== Try it ==
What you return should match every record exactly, with the images removed.

== Dataset records ==
===============

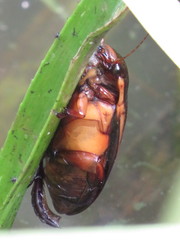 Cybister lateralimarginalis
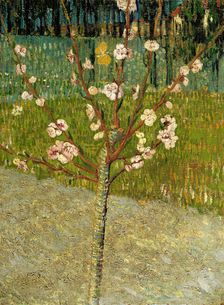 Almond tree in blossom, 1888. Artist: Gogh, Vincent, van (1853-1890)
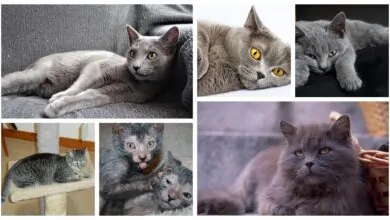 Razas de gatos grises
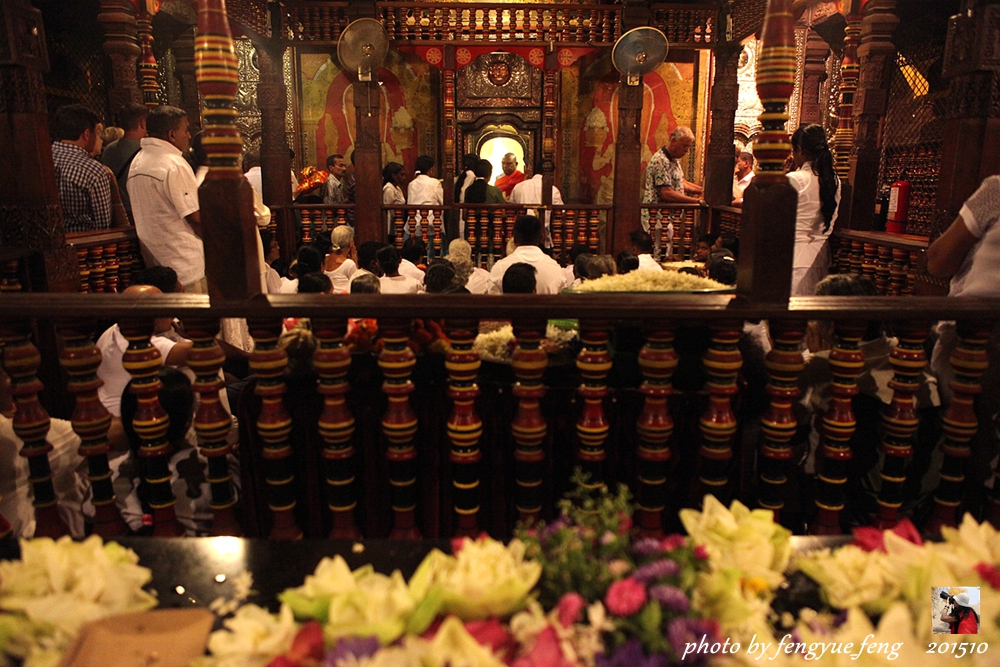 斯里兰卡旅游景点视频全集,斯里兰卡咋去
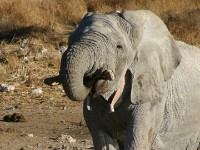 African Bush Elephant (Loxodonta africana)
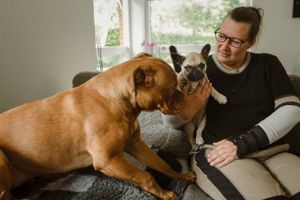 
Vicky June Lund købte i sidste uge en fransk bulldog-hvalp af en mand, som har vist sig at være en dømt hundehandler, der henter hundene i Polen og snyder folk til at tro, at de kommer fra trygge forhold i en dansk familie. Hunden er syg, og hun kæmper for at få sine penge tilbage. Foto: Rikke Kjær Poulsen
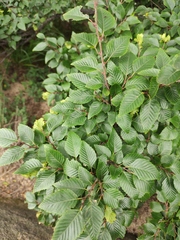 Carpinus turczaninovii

===============

== Written answer ==
 Cybister lateralimarginalis
 Almond tree in blossom, 1888. Artist: Gogh, Vincent, van (1853-1890)
 Razas de gatos grises
 斯里兰卡旅游景点视频全集,斯里兰卡咋去
 African Bush Elephant (Loxodonta africana)
Vicky June Lund købte i sidste uge en fransk bulldog-hvalp af en mand, som har vist sig at være en dømt hundehandler, der henter hundene i Polen og snyder folk til at tro, at de kommer fra trygge forhold i en dansk familie. Hunden er syg, og hun kæmper for at få sine penge tilbage. Foto: Rikke Kjær Poulsen
 Carpinus turczaninovii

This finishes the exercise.